Whether 68,000 or 24,000-- it's more than 2,400 right? Why call it "her" algorithm, then?
Because there's more than one algorithm being referenced here. These people just don't realize it.
I'll work my way backward because it's easier to explain that way.
The photo that everyone is looking at, the world famous black hole photo? It's actually a composite photo. It was generated by an algorithm credited to Mareki Honma. Honma's algorithm, based on MRI technology, is used to "stitch together" photos and fill in the missing pixels by analyzing the surrounding pixels.
But where did the photos come from that are composited into this photo?
The photos making up the composite were generated by 4 separate teams, led by Katie Bouman and Andrew Chael, Kazu Akiyama and Sara Issaoun, Shoko Koyama, Jose L. Gomez, and Michael Johnson. Each team was given a copy of the black hole data and isolated from each other. Between the four of them, they used two techniques - an older, traditional one called CLEAN, and a newer one called RML - to generate an image.
The purpose of this division and isolation of teams was deliberately done to test the accuracy of the black hole data they were all using. If four isolated teams using different algorithms all got similar results, that would indicate that the data itself was accurate.
And lo, that's exactly what happened. The data wasn't just good, it's the most accurate of its kind. 5 petabytes (millions of billions of bytes) worth of accurate black hole data.
But where did the data come from?
Eight radio telescopes around the world trained their attention on the night sky in the direction of this black hole. The black hole is some ungodly distance away, a relative speck amidst billions of celestial bodies.
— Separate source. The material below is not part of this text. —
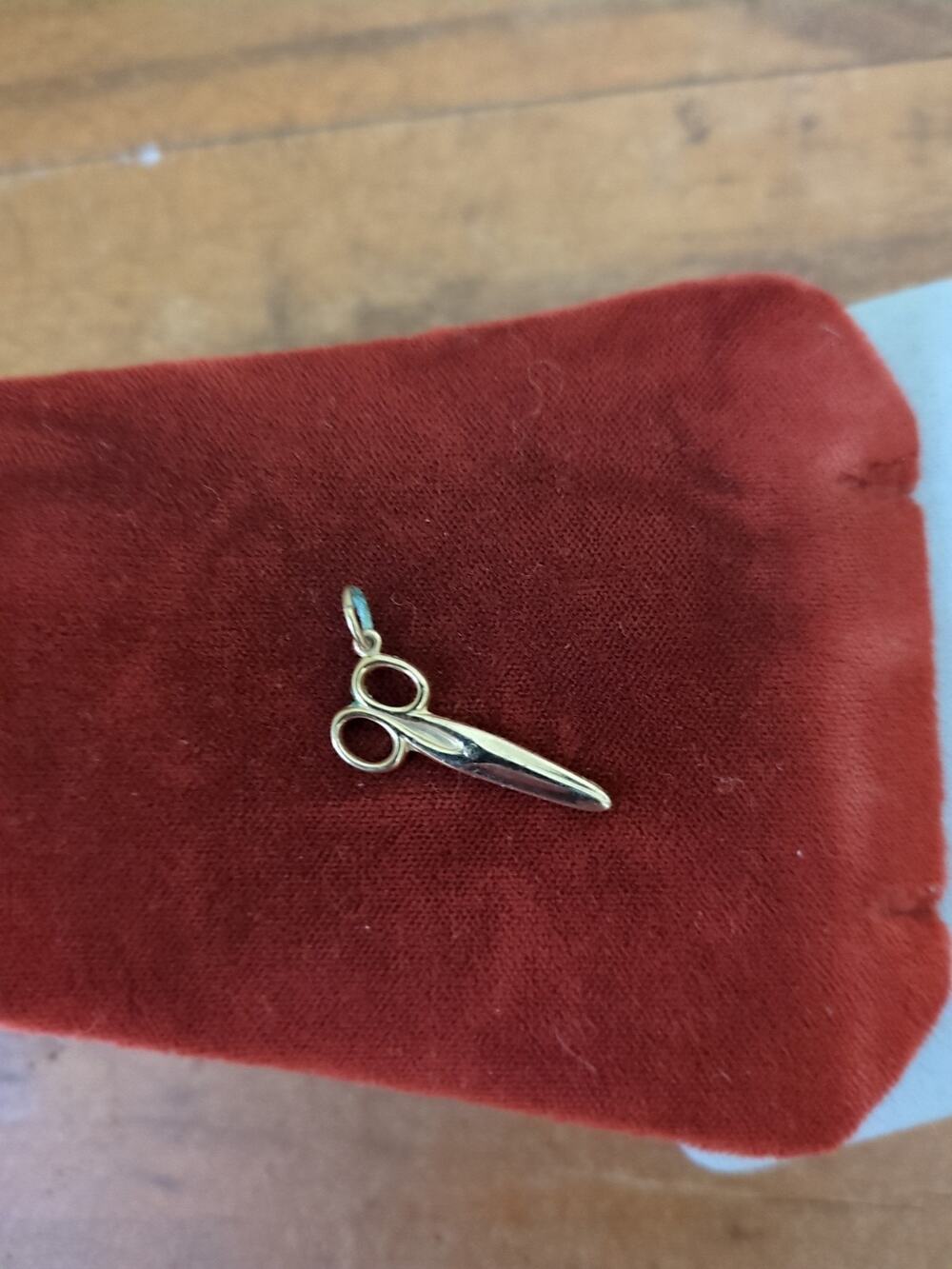 Vintage Gold Tone Scissors Charm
And what the telescopes caught was not only the data of the black hole but the data of everything else as well.
Data that would need to be sorted.
Clearly, it's not the sort of thing you can sort by hand. To separate the wheat (one specific black hole's data) from the chaff (literally everything else around and between here and there) required an algorithm that could identify and single it out, calculations that were crunched across 800 CPUs on a 40Gbit/s network. And given that the resulting black hole-specific data was 5 petabytes (hundreds of pounds worth of hard drives!) you can imagine that the original data set was many times larger.
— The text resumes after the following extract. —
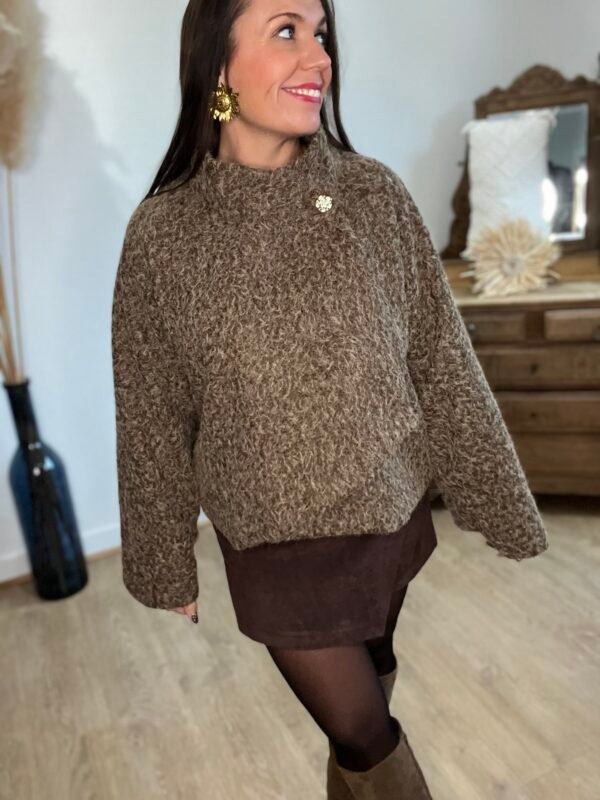 Manteau court en laine bouclée marron  – Modèle Stephy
The algorithm that accomplished this feat was called CHIRP, short for "Continuous High-resolution Image Reconstruction using Patch priors".
CHIRP was created by Katie Bouman.
At the age of 23, she knew nothing about black holes. Her field is computer science and artificial intelligence, topics she'd been involved in since high school. She had a theory about the shadows of black holes, and her algorithm was designed to find those shadows. Katie Bouman used a variety of what MIT called "clever algebraic solutions" to overcome the obstacles involved in creating the CHIRP algorithm. And though she had a team working to help her, her name comes first on the peer-reviewed documentation.
It's called the CHIRP algorithm because that's what she named it. It's the only reason these images could be created, and it's responsible for creating some of the images that were incorporated into the final image. It's the algorithm that made the effort of collecting all that data worth it. Any data analyst can tell you that you can't analyze or visualize data until it's been prepared first. Cleaned up. Narrowed down to the important information.
That's what Katie Bouman did, and after working as a data analyst for two years with a focus on this exact thing - data transformation - I can tell you it's not easy. It's not easy on the small data sets I worked with, where I could wind up spending a week looking for the patterns in a 68K Excel spreadsheet containing only one month's worth of programming for a single TV station!
Katie Bouman's 2,400 line contribution to Andrew Chael's work is on top of all of her other work. She spent five years developing and refining the CHIRP algorithm before leading four teams in testing the data created. The data collection phase of this took 10 days in April 2017, when the eight telescopes simultaneously trained their gazes towards the black hole.
This photo was ultimately created as a way to test Katie Bouman's algorithm for accuracy. MIT says that it's frequently more accurate than similar predecessors. And it is the algorithm that gave us our first direct image of a black hole.
Around the internet, there are people who have the misperception that Katie Bouman is just the pretty face, a minor contributor to a project where men like Andrew Chael and Mareki Honma deserve the credit. There are people pushing memes and narratives that she's only being given such acclaim because of feminism. And because Katie Bouman refuses to say that this was anything other than a team effort, even the most flattering comments about her still place her contributions to the photo at less-than-equal contribution to others.
But I'm writing to set the story straight:
When it is written that Katie Bouman is the woman "behind the black hole photo", it is objectively true. She wasn't the only woman, but her work was crucial to making all of this happen.
When Andrew Chael says that his software could not have worked without her, he isn't just being a stand-up guy, he's being literal. And there are those who could just as easily say the same about his contribution, or the contributions of many others.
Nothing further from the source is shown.